PHILADELPHIA – In December, when Santa contracts out some of his package-delivery work, drivers at FedEx fly down the highways, typically starting before sunrise and finishing long after dark.
But this year, some of the reindeer are so unhappy that they have voted to unionize.
About two dozen south New Jersey drivers are poised to become the first in the nation to succeed at forming a collective-bargaining unit, over the objections of FedEx Corp., the package-delivery company based in Memphis, Tenn., that had revenue last year of $29.4 billion.
Their efforts continue even with FedEx in its busiest season, moving as many as 8.5 million packages daily.
The drivers’ hours are long, their pay is low, they say, and some who work or have worked at the FedEx Ground division’s depot in Barrington, N.J., complain that their managers routinely threaten to take away their routes.
“If you get to eat lunch, you’re lucky,” said Mike Tofaute from Medford Lakes, N.J., a leader of the drivers’ association. Tofaute keeps an empty juice bottle in his truck so he doesn’t have to stop to use the bathroom. On Wednesday, he had to deliver 167 packages at 134 stops.
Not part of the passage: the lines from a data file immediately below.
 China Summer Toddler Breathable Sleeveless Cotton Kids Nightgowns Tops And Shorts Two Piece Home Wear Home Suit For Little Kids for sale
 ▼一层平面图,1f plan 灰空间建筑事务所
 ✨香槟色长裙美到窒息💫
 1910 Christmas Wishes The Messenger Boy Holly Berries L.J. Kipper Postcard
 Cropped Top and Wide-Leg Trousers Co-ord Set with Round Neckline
“What we’ve done is groundbreaking, no matter how you look at it,” Tofaute said. “To take on a company like FedEx. … There were just 28 guys and we prevailed.” The drivers voted, 14-8, to unionize, but the results are being contested.
The union push comes even as a federal lawsuit coalesces over whether drivers for the FedEx Ground division are employees or independent contractors, as the company argues.
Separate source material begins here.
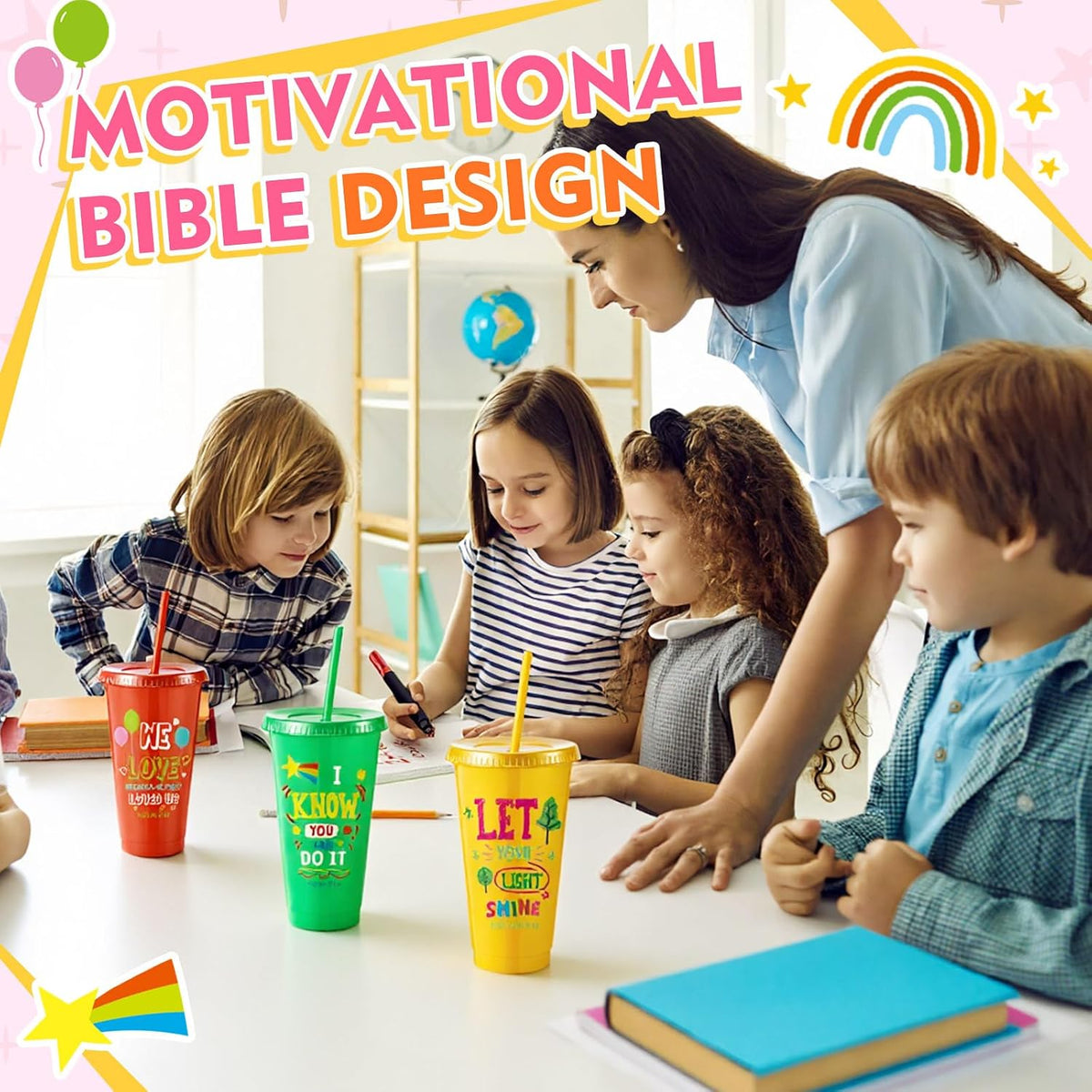 10 Christian Kids Cups with Lids Straws, Back to School, White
In July, a state court in California ruled that drivers there were FedEx employees and later awarded 200 of them $5.3 million in damages to compensate them for business expenses they had paid, such as truck insurance. FedEx filed an appeal this month.
On its Web site, FedEx Ground vows to fight the lawsuit and says the truck drivers are independent contractors who run their own businesses and can gross $80,000 to $120,000, before they pay for their trucks and gasoline.
“Each of these contractors runs independent businesses,” FedEx Ground spokesman Perry Colosimo said.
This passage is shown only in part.